APPENDIX.-COLLECTING LOCALITIES

Specimens providing the basis for this report come from 12 stratigraphic units at 83 localities listed below in Athens, Belmont, Carroll, Columbiana, Coshocton, Gallia, Guernsey, Harrison, Hocking, Jackson, Jefferson, Lawrence, Licking, Mahoning, Morgan, Muskingum, Noble, Perry, Scioto, Stark, Tuscarawas, and Vinton Counties, Ohio, and Brooke County, West Virginia (see fig. 1). The localities are listed in numerical order under the respective counties and civil townships, which are arranged alphabetically according to county and township names. The capitalized first letter(s) of the locality designation indicates the county, the small letter(s) the civil township, and the number following is our file number for that particular locality in the township. Exposures are located by sections or fractions thereof, by reference to various natural or cultural features, and/ or by reference to elevation numbers on pertinent 1:24,000 topographic maps, which are indicated in capital letters.
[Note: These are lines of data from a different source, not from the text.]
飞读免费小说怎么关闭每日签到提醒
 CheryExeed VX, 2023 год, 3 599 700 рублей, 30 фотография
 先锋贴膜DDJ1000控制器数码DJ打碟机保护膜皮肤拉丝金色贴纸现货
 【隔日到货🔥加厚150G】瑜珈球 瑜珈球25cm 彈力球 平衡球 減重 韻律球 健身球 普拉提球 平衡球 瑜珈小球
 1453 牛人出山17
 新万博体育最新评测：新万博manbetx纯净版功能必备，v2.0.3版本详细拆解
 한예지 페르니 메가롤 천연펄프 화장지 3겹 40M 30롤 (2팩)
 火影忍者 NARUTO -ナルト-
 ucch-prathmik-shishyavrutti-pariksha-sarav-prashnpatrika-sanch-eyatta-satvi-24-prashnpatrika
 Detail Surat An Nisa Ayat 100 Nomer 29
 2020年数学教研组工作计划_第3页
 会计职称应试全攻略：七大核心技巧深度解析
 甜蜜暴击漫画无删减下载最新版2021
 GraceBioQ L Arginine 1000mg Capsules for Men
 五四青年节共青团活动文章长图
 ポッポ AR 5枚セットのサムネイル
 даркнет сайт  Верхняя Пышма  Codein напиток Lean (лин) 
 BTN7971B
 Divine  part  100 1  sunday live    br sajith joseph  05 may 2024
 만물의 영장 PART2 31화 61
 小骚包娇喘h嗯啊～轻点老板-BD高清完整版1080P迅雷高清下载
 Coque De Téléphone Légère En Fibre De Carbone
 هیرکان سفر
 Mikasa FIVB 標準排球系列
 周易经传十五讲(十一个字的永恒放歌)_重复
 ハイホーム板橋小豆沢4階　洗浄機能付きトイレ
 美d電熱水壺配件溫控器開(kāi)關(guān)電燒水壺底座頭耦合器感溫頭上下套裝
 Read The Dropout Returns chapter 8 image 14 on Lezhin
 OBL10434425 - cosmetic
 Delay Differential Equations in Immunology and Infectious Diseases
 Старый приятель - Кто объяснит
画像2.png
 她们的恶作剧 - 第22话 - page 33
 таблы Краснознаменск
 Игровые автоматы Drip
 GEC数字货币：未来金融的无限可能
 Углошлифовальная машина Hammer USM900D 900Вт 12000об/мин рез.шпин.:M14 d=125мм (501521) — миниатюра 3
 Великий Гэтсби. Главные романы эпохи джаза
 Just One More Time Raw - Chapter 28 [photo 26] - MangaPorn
This information is followed by the name of the stratigraphic unit(s) and, in parentheses, the number of collections made at the described locality, where known; the Ohio Division of Geological Survey (OGS) file number(s) of the stratigraphic section(s) at or near the locality; and the names of identified genera and species, with absolute abundances of that species recovered indicated in parentheses. It should be noted that most of the deep and strip mines are no longer active.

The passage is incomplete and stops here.